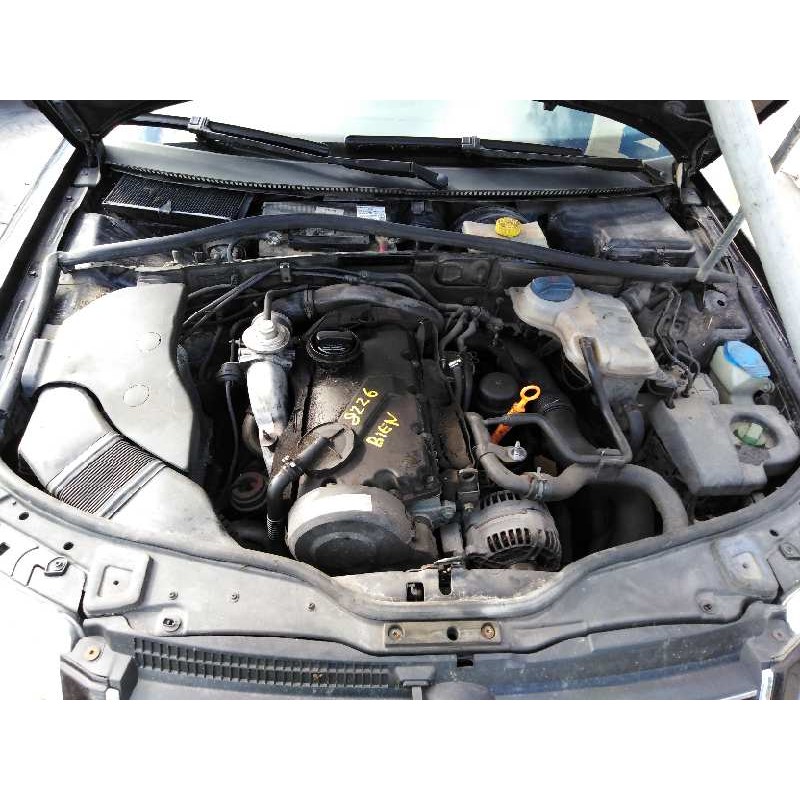 Aufschlüsselung der Teile für Volkswagen passat berlina (3B3) Comfortline Diesel aus dem Jahr 2003 mit Motor AVF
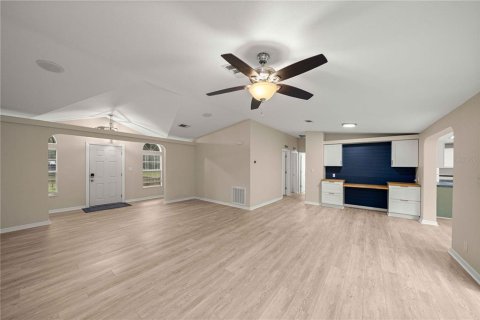 House in Morriston, Florida 3 bedrooms, 168.9 sq.m. № 2398297 - photo 9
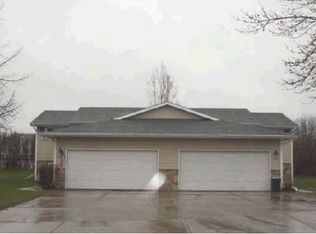 2585 Sun Ter, Green Bay, WI 54311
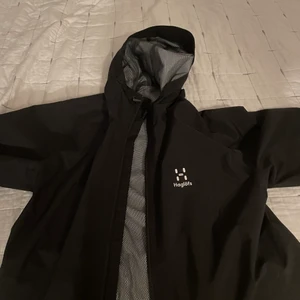 Haglöfs jacka Herr - Jag vill sälja min Haglöfs jacka då den inte passar mig längre. Den är sprillans ny och är endast använd 1-2 gånger. Kan både mötas upp inom Stockholm, men det går även bra att frakta.  Skick 10/10 Köpt för 1500kr Storlek: Large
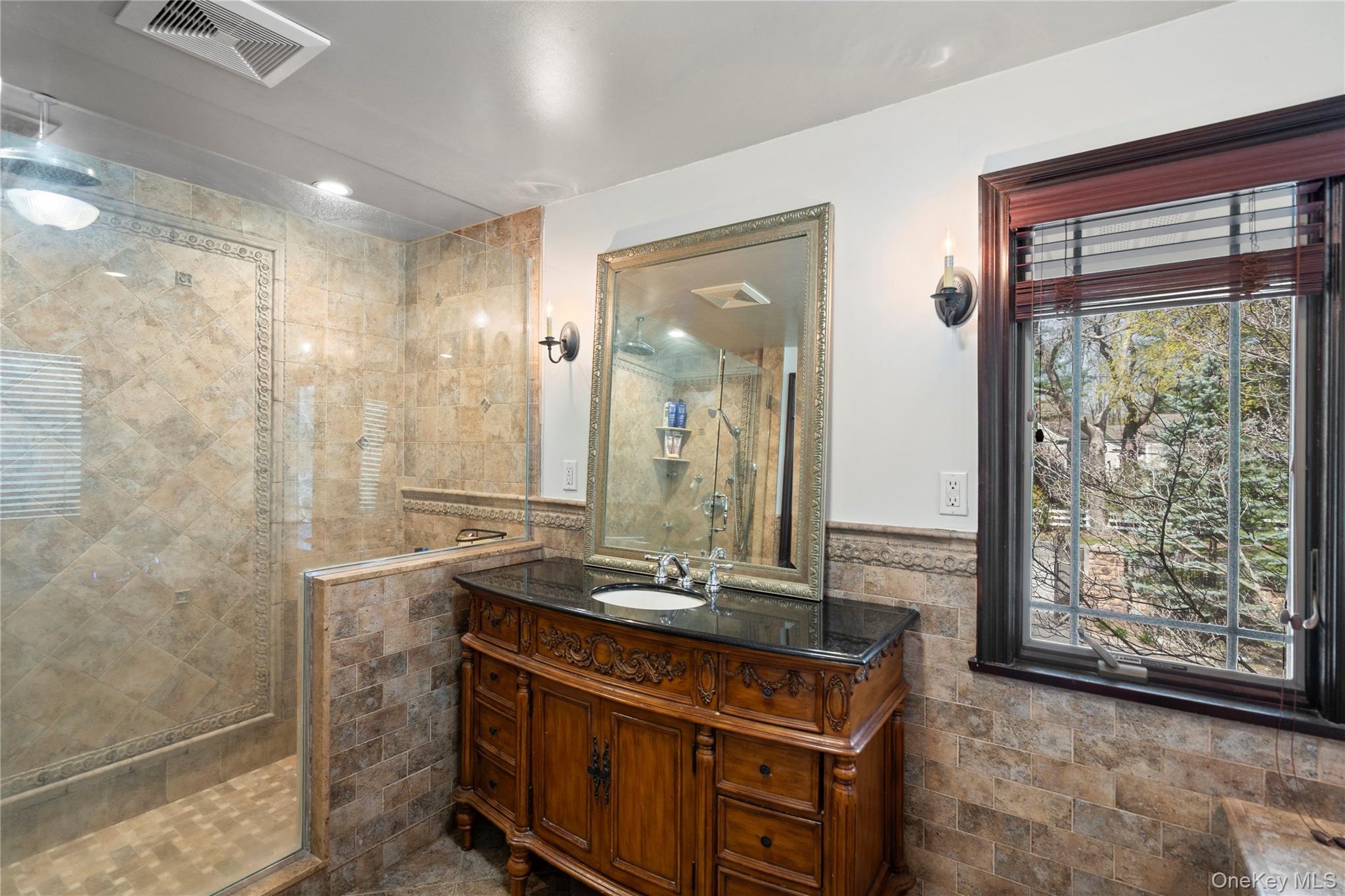 1 Pine Valley Road, Upper Brookville, NY 11771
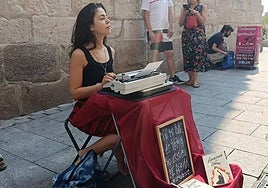 Arantza busca la inspiración callejera a los pies de la Clerecía y la Casa de las Conchas.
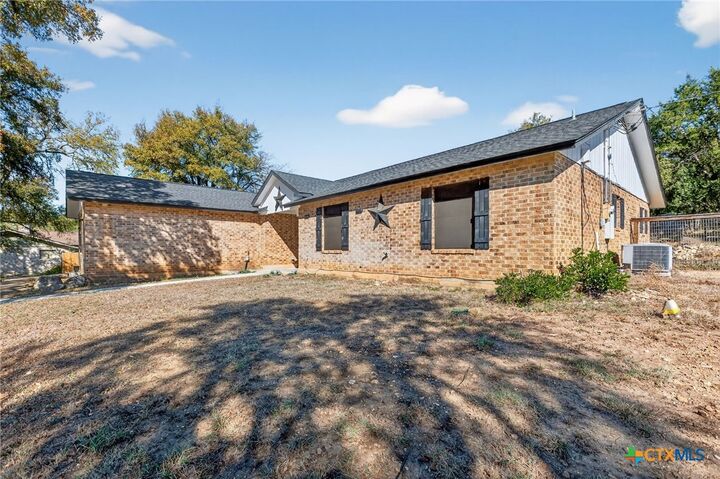 Property Photo:  722 Stagecoach Trail  TX 78666 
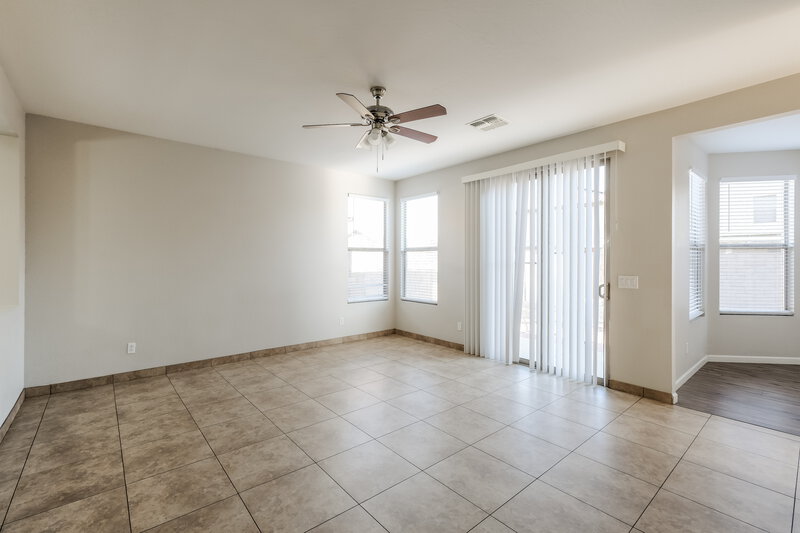 2,010/Mo, 3014 W Donner Dr Phoenix, AZ 85041 Living Room View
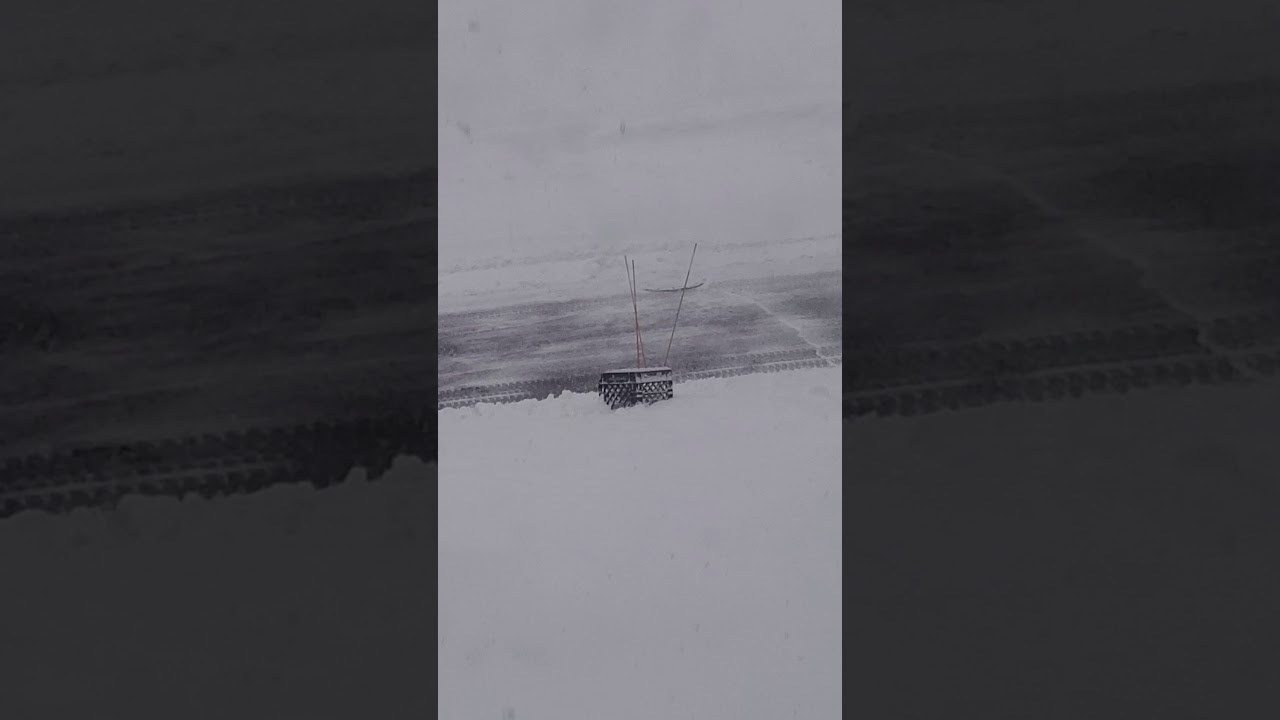 Snowplow Vs. Manhole Cover Part 3.👊👊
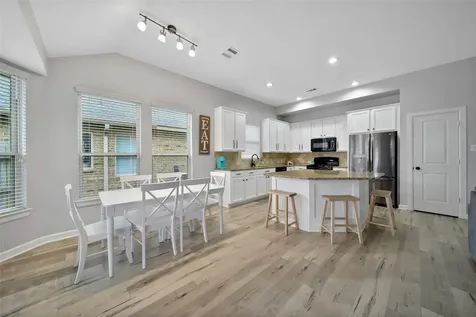12935 Northpointe Bend Drive Tomball TX 77377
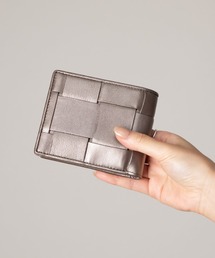GUIONNET（ギオネ）の「ギオネ ボールド タイル レザー 二つ折り財布　GUIONNET BOLD TILE BI-FOLD BTB WALLET（財布）」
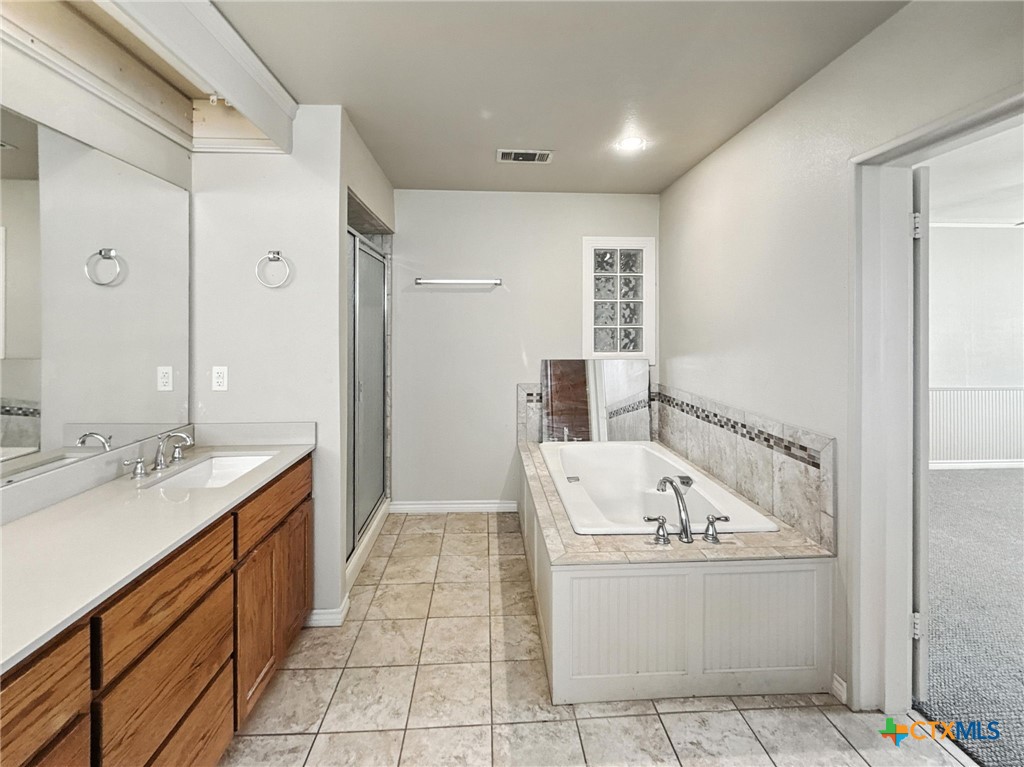 700 Park Street Property Photo 21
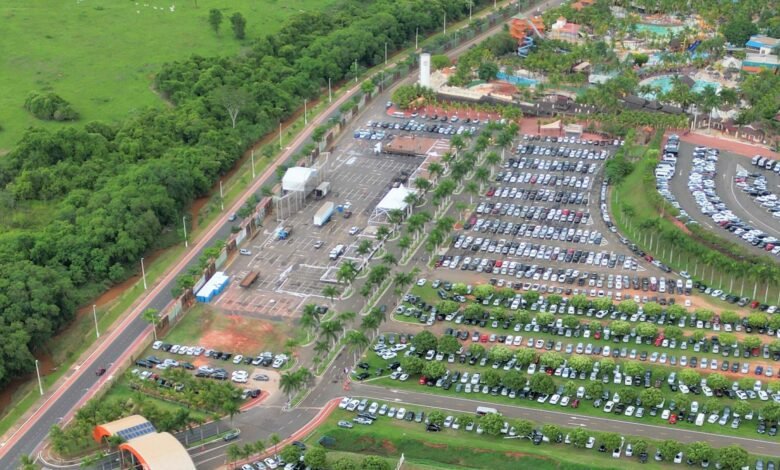 Olímpia inicia montagem da estrutura para o Réveillon das Águas 2023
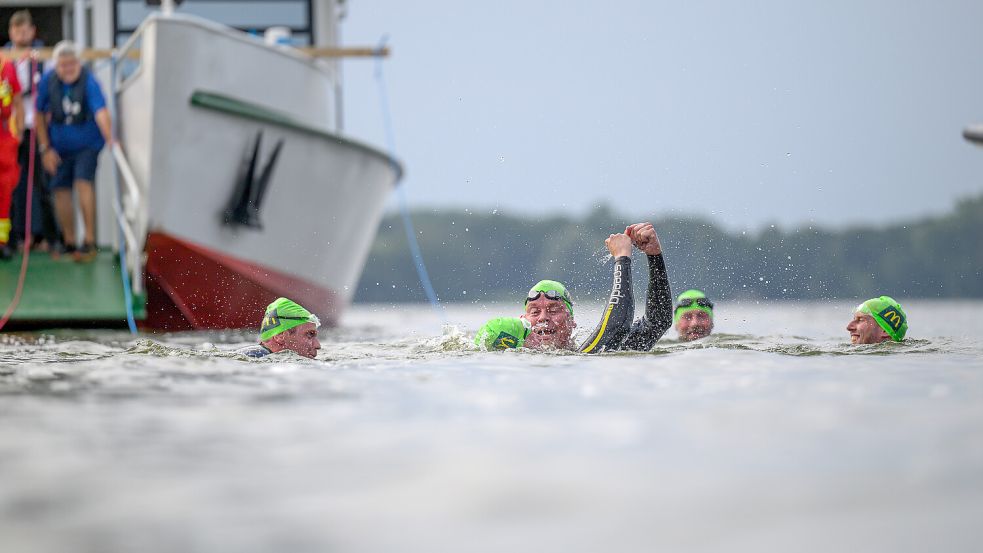 Die fünf Schwimmer freuten sich über den geglückten Rekordversuch. Sie haben die „Bad Zwischenahn“ von der Weißen Flotte über 402 Meter weit gezogen. Fotos: Izabela Mittwollen/dpa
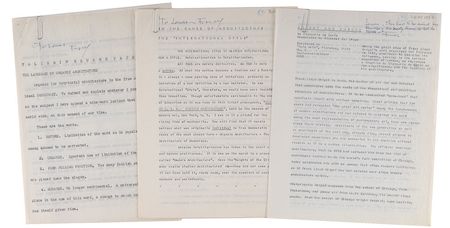 Lot #576 Frank Lloyd Wright: From the foremost American architect to his critic - Image 1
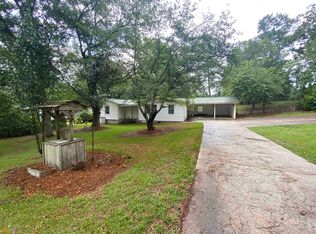 429 Limestone Rd, Cochran, GA 31014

----------

Exercise:
Copy every line of the records exactly as it is written, but not the pictures.

Solved problem:
 Aufschlüsselung der Teile für Volkswagen passat berlina (3B3) Comfortline Diesel aus dem Jahr 2003 mit Motor AVF
 House in Morriston, Florida 3 bedrooms, 168.9 sq.m. № 2398297 - photo 9
 2585 Sun Ter, Green Bay, WI 54311
 Haglöfs jacka Herr - Jag vill sälja min Haglöfs jacka då den inte passar mig längre. Den är sprillans ny och är endast använd 1-2 gånger. Kan både mötas upp inom Stockholm, men det går även bra att frakta.  Skick 10/10 Köpt för 1500kr Storlek: Large
 1 Pine Valley Road, Upper Brookville, NY 11771
 Arantza busca la inspiración callejera a los pies de la Clerecía y la Casa de las Conchas.
 Property Photo:  722 Stagecoach Trail  TX 78666 
 2,010/Mo, 3014 W Donner Dr Phoenix, AZ 85041 Living Room View
 Snowplow Vs. Manhole Cover Part 3.👊👊
12935 Northpointe Bend Drive Tomball TX 77377
GUIONNET（ギオネ）の「ギオネ ボールド タイル レザー 二つ折り財布　GUIONNET BOLD TILE BI-FOLD BTB WALLET（財布）」
 700 Park Street Property Photo 21
 Olímpia inicia montagem da estrutura para o Réveillon das Águas 2023
 Die fünf Schwimmer freuten sich über den geglückten Rekordversuch. Sie haben die „Bad Zwischenahn“ von der Weißen Flotte über 402 Meter weit gezogen. Fotos: Izabela Mittwollen/dpa
 Lot #576 Frank Lloyd Wright: From the foremost American architect to his critic - Image 1
 429 Limestone Rd, Cochran, GA 31014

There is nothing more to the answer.